Grondwetswijziging in NL: aanvaarding in het parlement in twee lezingen, waarbij
tussen beide lezingen een verkiezing voor de Tweede Kamer moet hebben plaats-
gevonden en het grondwetsvoorstel in tweede lezing een tweederdemeerderheid
behoeft.
Rigiditeit en flexibiliteit kunnen ook in materiële zin worden gedefinieerd Kan qua
inhoud in toepassing en praktijk van interpretatie veranderen. De Amerikaanse Gw is
rigide, maar in materiële zin is er wel flexibiliteit.
De Nederlandse Gw is ook materieel rigide, door toetsingsverbod (art. 120 Gw).
Binnen de EU is van een echte grondwet geen sprake: de constituerende
documenten (VEU & VWEU) zijn internationale verdragen waar soevereine staten
partij bij zijn. Er is wel sprake van een constitutie in de zin dat er regels en
bevoegdheden zijn (verdragen + rechtspraak HvJ).
b. Staatsrecht
Het staatsrecht bestaat veelal uit geschreven regels, maar ook veel
ongeschreven/ongecodificeerde regels. Een regel geld tot het gewoonterecht als er
een vorm van terugkerend gedrag is & een algemene rechtsovertuiging dat dat
gedrag ook juridisch vereist is (opinio iuris seu necessitatis).

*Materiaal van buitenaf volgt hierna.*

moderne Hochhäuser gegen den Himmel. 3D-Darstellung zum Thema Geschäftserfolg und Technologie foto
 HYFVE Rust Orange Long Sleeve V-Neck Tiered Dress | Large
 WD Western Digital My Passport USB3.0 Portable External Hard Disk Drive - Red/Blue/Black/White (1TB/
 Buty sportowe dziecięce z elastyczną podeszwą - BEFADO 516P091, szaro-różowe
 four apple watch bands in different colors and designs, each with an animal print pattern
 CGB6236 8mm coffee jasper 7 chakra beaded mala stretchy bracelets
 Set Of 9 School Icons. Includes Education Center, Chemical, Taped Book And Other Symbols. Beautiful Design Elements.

Vertrouwensregel: een regering/minister dient het vertrouwen van de Staten-
Generaal te hebben, d.w.z. dat er sprake is van vertrouwen zolang het
tegendeel niet is gebleken. Als het vertrouwens door een parlementaire
meerderheid wordt opgezegd (motie van wantrouwen), dient de bewinds-
persoon ontslag in te dienen.
De TK wordt niet twee keer na elkaar ontbonden over dezelfde kwestie en
dientengevolge na de eerste ontbinding de meerderheidswil doorslaggevend
is.
Naast ongeschreven staatsrecht kunnen staatkundige gewoontes worden
onderscheiden in de vorm van conventies. Conventies zijn informele regels die het
gedrag reguleren van de instituties (EK, TK, regering).